Task data:
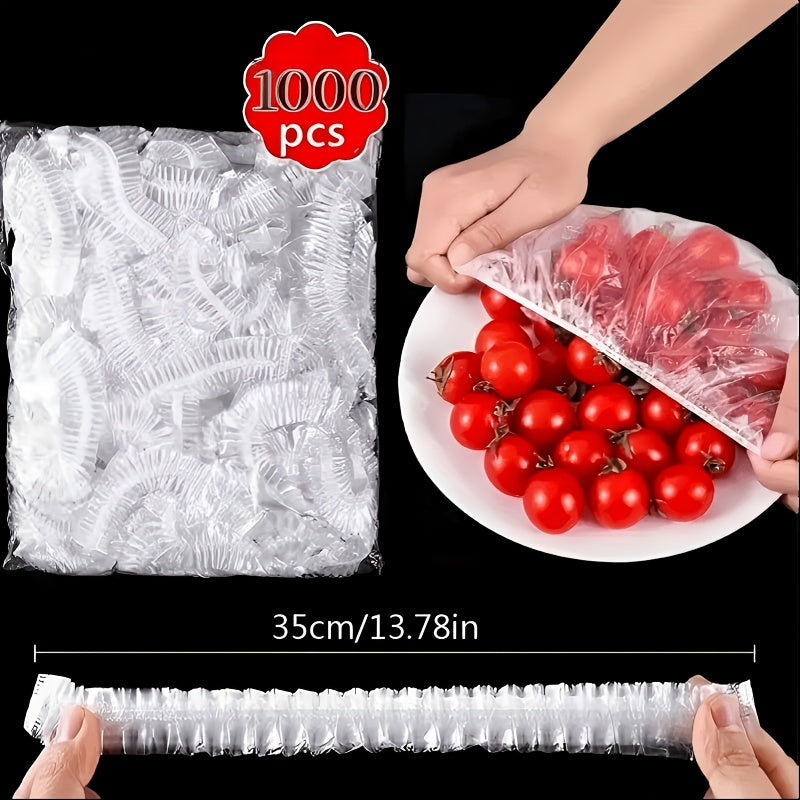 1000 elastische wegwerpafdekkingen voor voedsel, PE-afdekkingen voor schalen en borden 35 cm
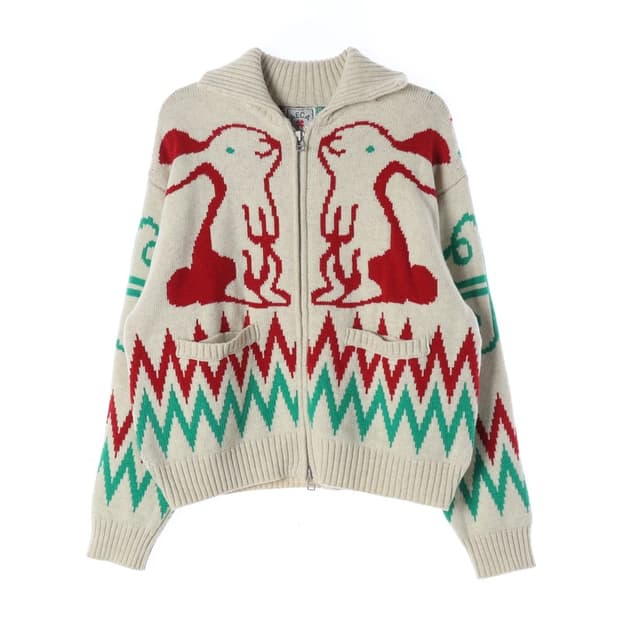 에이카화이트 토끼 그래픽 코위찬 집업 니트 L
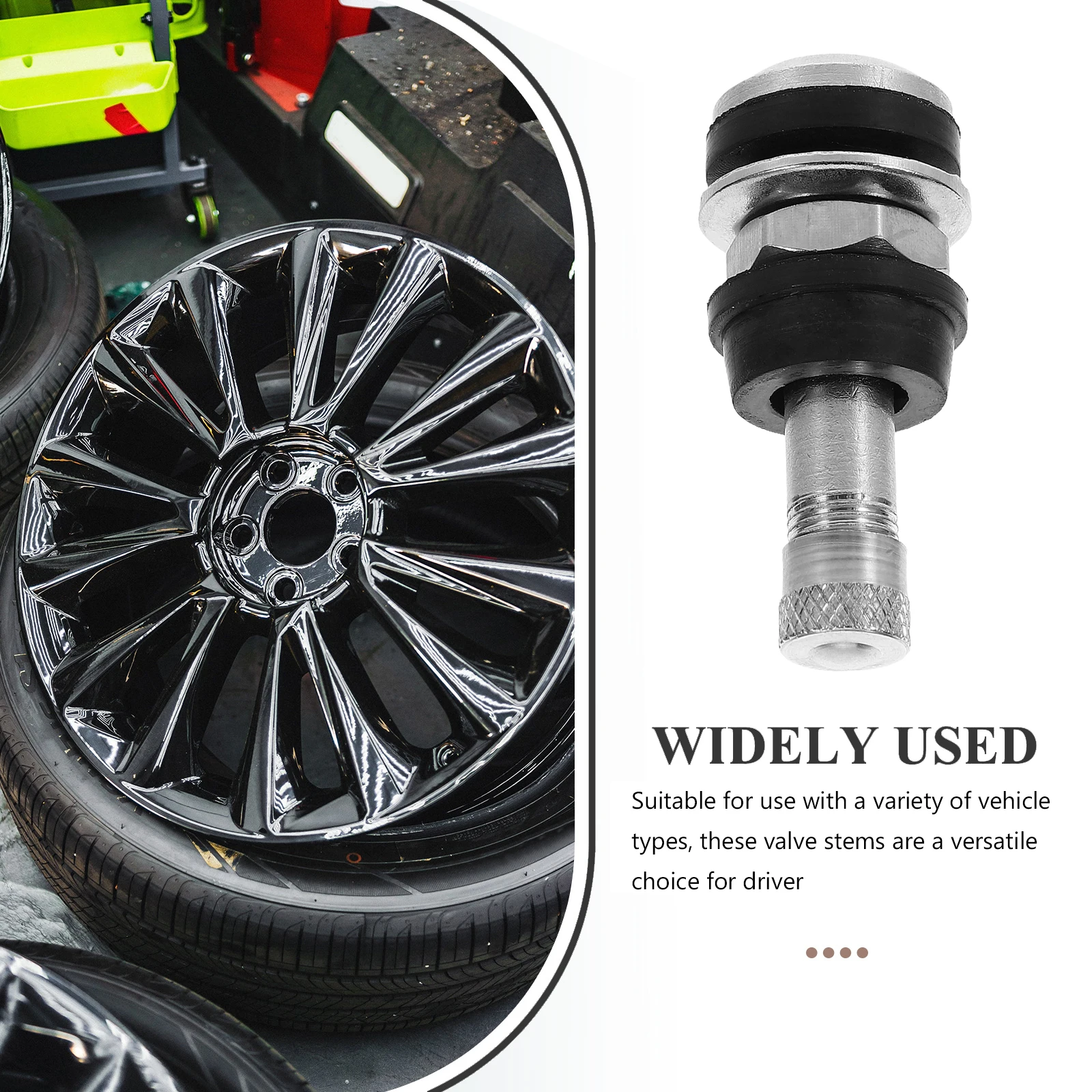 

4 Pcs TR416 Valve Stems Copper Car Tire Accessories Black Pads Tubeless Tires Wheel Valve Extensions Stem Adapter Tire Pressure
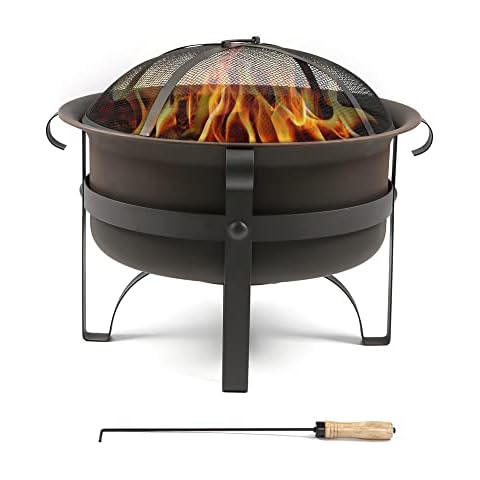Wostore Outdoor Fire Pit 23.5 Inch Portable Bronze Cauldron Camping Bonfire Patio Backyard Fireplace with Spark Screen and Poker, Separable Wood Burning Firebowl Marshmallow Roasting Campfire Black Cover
--
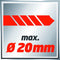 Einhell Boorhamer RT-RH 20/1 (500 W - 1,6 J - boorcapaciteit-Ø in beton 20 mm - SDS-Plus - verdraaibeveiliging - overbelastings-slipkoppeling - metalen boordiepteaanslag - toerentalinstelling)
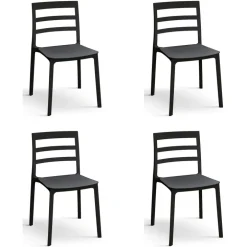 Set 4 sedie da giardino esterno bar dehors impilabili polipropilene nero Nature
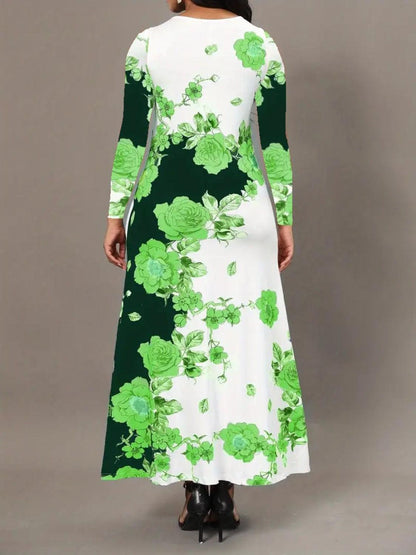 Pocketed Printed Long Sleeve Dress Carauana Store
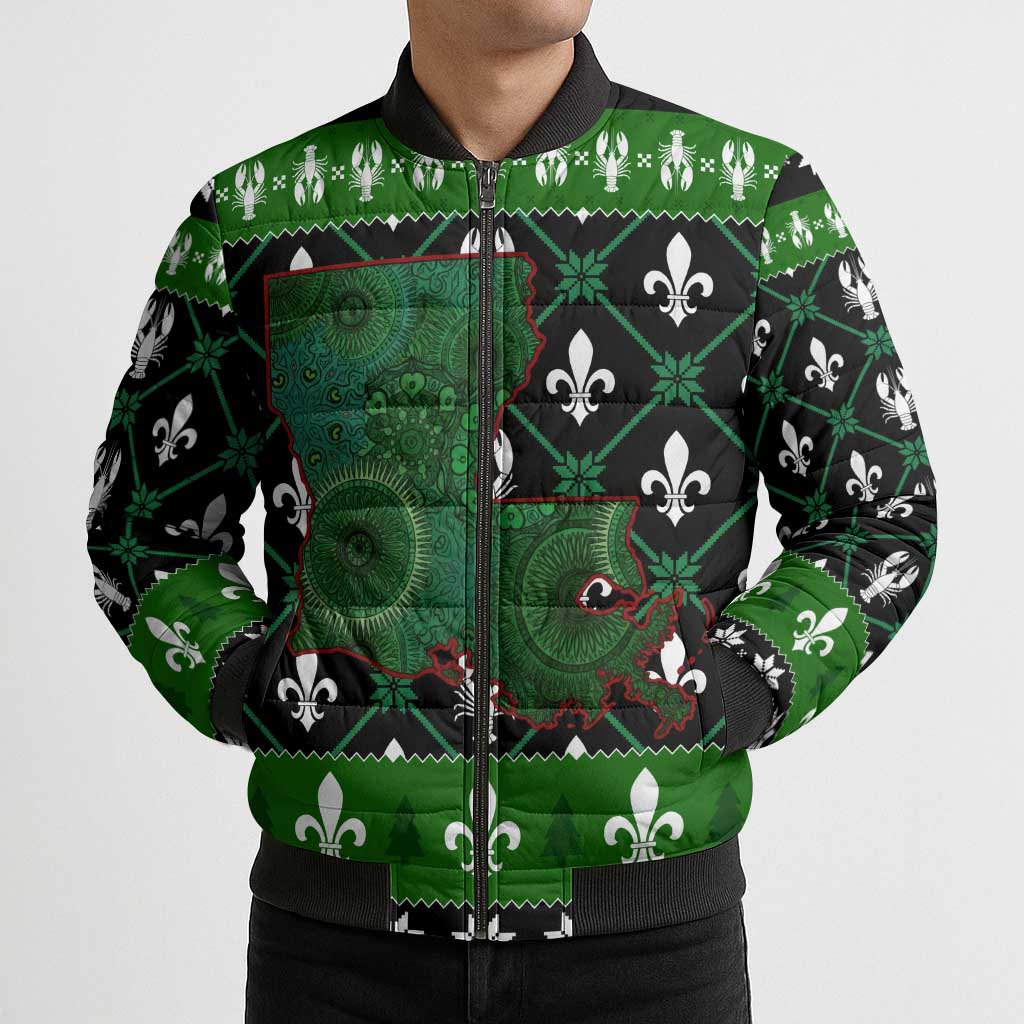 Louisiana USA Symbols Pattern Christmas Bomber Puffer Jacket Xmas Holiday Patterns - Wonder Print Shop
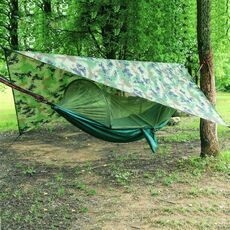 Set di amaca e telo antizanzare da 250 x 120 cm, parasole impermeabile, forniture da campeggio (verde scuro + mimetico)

What is needed: Nothing but the lines above from the line with "1000 elastische wegwerpafdekkingen" up to and including the line with "Wostore Outdoor Fire" should be returned, exactly as written and without pictures.

Answer to the problem:
 1000 elastische wegwerpafdekkingen voor voedsel, PE-afdekkingen voor schalen en borden 35 cm
 에이카화이트 토끼 그래픽 코위찬 집업 니트 L

4 Pcs TR416 Valve Stems Copper Car Tire Accessories Black Pads Tubeless Tires Wheel Valve Extensions Stem Adapter Tire Pressure
Wostore Outdoor Fire Pit 23.5 Inch Portable Bronze Cauldron Camping Bonfire Patio Backyard Fireplace with Spark Screen and Poker, Separable Wood Burning Firebowl Marshmallow Roasting Campfire Black Cover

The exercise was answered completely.